You can check len(test_cands) X len(key_names) is equal to the shape of F_test.

Regarding torch.no_grad(), I think you can safety do so in the inference phase. (And I have to do the same in fonduer_model.py.) According to https://pytorch.org/docs/stable/generated/torch.no_grad.html

Disabling gradient calculation is useful for inference, when you are sure that you will not call Tensor.backward(). It will reduce memory consumption for computations that would otherwise have requires_grad=True.

saikalyan9981 commented 4 years ago

Thank you for clarifying my doubts @HiromuHota , To make sure I understood it right, first featurizer.apply(split=0, train=True, parallelism=PARALLEL) then drop all the keys present then upsert stored keys then get_feature_matrices

candidateExtractor = CandidateExtractor(session, [candidate])
candidateExtractor.apply(fonduerPipeline.contexts[context], split=0, parallelism=PARALLEL)
test_cands = candidateExtractor.get_candidates(split = 0)
featurizer = Featurizer(session, [candidate])
featurizer.apply(split=0, train=True, parallelism=PARALLEL)
key_names_drop = [key.name for key in featurizer.get_keys()]
F_test = featurizer.get_feature_matrices(test_cands)

@HiromuHota Can you please comment, if this is good?

HiromuHota commented 4 years ago

I'd suggest two changes:

  1. Use split=2 for test data. (That's the convention. 0/1/2 - train/dev/test).
  2. No need to set train=True on test_cands if you drop the trained keys right after training it.

So your code should look like below.

candidateExtractor = CandidateExtractor(session, [candidate])
candidateExtractor.apply(fonduerPipeline.contexts[context], split=2, parallelism=PARALLEL)
test_cands = candidateExtractor.get_candidates(split = 2)
featurizer = Featurizer(session, [candidate])
featurizer.apply(split=2, train=False, parallelism=PARALLEL)
F_test = featurizer.get_feature_matrices(test_cands)

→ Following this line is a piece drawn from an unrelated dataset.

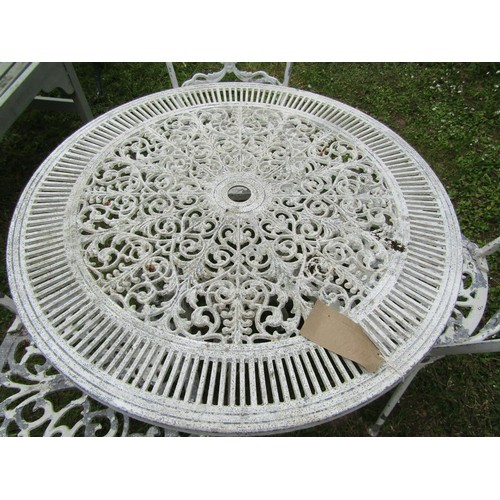 1247 - A painted and weathered cast aluminium garden terrace table of circular form with decorative pierced...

This code assumes that the backend postgres has no key for Featurizer. If not, please drop existing keys before inserting another set of them.

saikalyan9981 commented 4 years ago

@HiromuHota Thanks for the correction In my use case, backend postgres has some keys for Featurizer when I'm using it second time for a different candidate. Although I try to drop keys, some of them aren't getting dropped. But when I drop after train=True, all keys gets dropped.

key_names_drop = [key.name for key in featurizer.get_keys()]
print(len(featurizer.get_keys())) ## prints 2531

featurizer.apply(split=2, train=True, parallelism=PARALLEL)
key_names_drop = [key.name for key in featurizer.get_keys()]
print(len(featurizer.get_keys())) ## prints 0

This is the reason, I'm using train=True and then dropping the keys

HiromuHota commented 4 years ago

@saikalyan9981 Thank you for letting us know the reason behind. This behavior looked strange to me at first but now I can see it more clearly after reading documentations carefully. Nonetheless, this behavior is still very confusing and would require improvement.

Here is why this happens: Featurizer takes a list of candidate classes when it gets initialized. featurizer.drop_keys drops only keys that are associated with this list of candidate classes. Meanwhile featurizer.get_keys() returns a list of all keys that are stored in the database no matter which candidate class they are associated with.

Your code should work as expected, but this session.query(FeatureKey).delete(synchronize_session="fetch") should work too to clear the keys. It is a little hacky, though.